Problem details — Look through the data below, and copy each line that carries the word "inoxydable".

★ ★ ★ ★ ★ ★ ★

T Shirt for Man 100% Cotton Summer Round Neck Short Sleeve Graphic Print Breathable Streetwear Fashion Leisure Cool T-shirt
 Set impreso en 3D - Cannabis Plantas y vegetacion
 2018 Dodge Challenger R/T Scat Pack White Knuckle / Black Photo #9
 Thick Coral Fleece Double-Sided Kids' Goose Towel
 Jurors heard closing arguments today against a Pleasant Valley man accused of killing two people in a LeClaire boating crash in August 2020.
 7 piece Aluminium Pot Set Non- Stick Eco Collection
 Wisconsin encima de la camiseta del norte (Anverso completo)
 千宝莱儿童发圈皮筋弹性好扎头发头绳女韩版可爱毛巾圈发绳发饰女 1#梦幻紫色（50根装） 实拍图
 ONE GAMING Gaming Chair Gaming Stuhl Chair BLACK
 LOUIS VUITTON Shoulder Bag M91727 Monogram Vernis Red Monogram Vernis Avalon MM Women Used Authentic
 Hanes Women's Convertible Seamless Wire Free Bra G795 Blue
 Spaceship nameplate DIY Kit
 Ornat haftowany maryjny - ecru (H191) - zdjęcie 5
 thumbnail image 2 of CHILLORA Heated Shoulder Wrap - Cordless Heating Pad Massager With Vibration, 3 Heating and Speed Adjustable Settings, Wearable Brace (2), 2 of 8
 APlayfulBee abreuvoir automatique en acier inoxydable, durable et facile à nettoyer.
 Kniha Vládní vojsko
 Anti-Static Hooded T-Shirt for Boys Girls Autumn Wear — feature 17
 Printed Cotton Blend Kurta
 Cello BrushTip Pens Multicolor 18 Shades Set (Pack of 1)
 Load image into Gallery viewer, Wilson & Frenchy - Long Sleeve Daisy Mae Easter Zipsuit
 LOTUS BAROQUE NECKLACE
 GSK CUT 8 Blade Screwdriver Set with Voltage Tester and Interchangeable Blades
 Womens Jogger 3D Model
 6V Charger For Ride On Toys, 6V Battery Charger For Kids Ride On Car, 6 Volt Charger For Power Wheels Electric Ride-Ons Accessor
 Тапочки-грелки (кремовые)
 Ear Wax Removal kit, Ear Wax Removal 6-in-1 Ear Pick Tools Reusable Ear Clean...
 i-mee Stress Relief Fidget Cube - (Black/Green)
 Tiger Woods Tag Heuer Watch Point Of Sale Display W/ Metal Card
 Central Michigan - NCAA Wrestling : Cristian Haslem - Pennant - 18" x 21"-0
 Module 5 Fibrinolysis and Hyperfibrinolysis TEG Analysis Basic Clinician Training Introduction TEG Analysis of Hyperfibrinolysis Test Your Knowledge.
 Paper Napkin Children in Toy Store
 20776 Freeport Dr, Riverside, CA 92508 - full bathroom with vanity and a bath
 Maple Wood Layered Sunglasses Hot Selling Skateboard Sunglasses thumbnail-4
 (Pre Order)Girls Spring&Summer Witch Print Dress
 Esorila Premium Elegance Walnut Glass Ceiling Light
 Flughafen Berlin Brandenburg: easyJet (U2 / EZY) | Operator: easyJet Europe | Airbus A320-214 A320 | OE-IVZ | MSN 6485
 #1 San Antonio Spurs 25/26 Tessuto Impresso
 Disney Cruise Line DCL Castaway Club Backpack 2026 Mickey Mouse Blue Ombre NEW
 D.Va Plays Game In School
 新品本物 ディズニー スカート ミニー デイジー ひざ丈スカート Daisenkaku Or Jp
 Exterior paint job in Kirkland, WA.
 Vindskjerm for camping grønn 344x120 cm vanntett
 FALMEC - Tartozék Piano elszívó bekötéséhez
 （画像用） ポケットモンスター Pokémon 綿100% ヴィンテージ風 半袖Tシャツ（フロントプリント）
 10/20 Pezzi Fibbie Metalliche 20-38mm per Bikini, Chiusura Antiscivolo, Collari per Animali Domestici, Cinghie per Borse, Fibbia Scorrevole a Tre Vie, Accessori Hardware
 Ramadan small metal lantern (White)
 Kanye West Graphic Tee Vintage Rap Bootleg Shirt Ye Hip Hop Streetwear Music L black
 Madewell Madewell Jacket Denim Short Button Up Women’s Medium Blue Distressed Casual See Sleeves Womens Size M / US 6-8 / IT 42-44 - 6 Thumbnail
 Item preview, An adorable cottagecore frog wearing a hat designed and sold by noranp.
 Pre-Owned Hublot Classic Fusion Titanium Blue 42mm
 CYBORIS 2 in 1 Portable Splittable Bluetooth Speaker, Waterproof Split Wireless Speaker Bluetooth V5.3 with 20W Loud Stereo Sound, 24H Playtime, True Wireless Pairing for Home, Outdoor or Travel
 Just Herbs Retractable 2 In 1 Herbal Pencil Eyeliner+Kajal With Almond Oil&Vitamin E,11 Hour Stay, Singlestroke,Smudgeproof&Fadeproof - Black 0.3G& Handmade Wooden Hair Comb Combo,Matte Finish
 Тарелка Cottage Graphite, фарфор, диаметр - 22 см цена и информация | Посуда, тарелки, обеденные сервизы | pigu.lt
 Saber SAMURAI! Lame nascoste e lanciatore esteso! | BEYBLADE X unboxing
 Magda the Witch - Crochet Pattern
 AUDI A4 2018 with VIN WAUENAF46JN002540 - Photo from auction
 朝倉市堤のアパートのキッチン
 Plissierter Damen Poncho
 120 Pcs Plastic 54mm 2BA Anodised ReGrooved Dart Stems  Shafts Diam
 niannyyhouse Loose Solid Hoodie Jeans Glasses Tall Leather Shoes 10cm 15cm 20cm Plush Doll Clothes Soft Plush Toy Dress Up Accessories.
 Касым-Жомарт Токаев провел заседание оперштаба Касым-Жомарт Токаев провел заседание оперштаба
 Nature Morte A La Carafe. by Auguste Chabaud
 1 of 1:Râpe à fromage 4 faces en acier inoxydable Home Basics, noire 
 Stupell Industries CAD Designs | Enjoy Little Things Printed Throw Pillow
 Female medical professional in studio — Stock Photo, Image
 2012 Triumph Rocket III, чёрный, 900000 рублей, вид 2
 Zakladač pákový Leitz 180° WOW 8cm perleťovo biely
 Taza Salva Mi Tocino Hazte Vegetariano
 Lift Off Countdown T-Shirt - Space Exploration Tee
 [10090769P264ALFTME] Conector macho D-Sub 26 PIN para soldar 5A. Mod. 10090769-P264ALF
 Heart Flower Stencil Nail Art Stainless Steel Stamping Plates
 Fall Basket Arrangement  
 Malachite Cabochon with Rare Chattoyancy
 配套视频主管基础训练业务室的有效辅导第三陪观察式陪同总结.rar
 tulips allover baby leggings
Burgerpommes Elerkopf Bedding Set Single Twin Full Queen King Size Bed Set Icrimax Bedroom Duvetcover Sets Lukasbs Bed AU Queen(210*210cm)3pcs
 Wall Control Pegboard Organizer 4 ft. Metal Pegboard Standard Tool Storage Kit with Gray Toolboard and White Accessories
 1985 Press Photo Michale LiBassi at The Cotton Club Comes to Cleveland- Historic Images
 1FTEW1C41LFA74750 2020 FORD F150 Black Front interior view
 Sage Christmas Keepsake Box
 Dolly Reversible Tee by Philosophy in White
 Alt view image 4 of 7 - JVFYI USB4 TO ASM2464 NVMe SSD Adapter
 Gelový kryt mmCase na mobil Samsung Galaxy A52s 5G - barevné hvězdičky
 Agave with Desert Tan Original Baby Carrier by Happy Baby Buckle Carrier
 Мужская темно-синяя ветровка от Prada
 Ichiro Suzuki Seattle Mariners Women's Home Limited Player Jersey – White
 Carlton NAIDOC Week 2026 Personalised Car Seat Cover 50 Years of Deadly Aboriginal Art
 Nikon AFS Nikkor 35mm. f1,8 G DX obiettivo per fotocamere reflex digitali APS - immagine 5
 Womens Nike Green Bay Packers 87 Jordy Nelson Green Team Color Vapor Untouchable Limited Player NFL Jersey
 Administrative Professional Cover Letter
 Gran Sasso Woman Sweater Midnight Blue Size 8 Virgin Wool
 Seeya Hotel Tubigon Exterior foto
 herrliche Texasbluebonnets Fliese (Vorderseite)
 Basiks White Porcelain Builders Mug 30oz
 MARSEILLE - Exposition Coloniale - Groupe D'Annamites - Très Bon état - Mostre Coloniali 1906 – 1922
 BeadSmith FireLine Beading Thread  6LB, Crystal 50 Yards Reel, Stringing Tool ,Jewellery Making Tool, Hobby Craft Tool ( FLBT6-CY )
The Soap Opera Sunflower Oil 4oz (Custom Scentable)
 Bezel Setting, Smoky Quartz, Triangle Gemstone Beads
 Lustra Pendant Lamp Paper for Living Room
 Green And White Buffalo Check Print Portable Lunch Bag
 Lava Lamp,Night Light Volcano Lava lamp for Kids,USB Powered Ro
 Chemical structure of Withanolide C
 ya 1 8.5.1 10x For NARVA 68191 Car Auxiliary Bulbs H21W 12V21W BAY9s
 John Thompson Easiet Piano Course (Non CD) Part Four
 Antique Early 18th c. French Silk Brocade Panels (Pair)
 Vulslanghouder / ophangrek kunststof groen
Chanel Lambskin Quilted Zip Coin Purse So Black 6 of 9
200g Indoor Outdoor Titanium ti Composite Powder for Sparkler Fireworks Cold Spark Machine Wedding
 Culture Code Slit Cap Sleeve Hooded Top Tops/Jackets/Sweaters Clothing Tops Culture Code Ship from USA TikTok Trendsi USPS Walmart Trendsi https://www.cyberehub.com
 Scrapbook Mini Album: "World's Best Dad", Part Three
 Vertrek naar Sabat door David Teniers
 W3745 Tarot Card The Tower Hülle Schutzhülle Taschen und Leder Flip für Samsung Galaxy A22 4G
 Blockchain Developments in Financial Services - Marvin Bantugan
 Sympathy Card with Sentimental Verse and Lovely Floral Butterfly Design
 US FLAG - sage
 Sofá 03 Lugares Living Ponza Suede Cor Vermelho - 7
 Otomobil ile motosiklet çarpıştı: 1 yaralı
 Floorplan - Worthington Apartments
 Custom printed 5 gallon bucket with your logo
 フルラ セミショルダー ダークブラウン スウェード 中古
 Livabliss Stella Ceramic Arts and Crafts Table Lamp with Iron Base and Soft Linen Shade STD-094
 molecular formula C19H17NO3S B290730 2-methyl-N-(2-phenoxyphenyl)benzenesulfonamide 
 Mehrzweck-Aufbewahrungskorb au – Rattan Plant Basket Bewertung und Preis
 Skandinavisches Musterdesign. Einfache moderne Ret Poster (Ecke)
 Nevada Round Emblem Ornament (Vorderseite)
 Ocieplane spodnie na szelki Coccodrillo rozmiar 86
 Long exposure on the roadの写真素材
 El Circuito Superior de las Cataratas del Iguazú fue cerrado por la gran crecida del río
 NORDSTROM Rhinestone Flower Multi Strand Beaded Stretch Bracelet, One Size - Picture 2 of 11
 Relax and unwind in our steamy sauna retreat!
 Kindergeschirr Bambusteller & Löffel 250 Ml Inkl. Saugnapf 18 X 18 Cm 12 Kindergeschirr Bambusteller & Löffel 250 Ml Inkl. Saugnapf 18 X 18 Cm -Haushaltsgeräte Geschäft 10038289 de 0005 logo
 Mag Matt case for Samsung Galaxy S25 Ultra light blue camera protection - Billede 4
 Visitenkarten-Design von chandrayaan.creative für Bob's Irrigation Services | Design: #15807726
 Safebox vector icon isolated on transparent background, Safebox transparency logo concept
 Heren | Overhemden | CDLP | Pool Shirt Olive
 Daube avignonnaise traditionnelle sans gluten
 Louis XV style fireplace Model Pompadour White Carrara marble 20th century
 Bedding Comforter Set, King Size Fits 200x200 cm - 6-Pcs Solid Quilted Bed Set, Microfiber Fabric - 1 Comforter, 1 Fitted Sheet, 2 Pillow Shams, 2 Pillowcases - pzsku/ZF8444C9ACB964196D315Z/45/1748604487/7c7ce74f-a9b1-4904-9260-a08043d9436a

★ ★ ★ ★ ★ ★ ★

Written response —
 APlayfulBee abreuvoir automatique en acier inoxydable, durable et facile à nettoyer.
 1 of 1:Râpe à fromage 4 faces en acier inoxydable Home Basics, noire 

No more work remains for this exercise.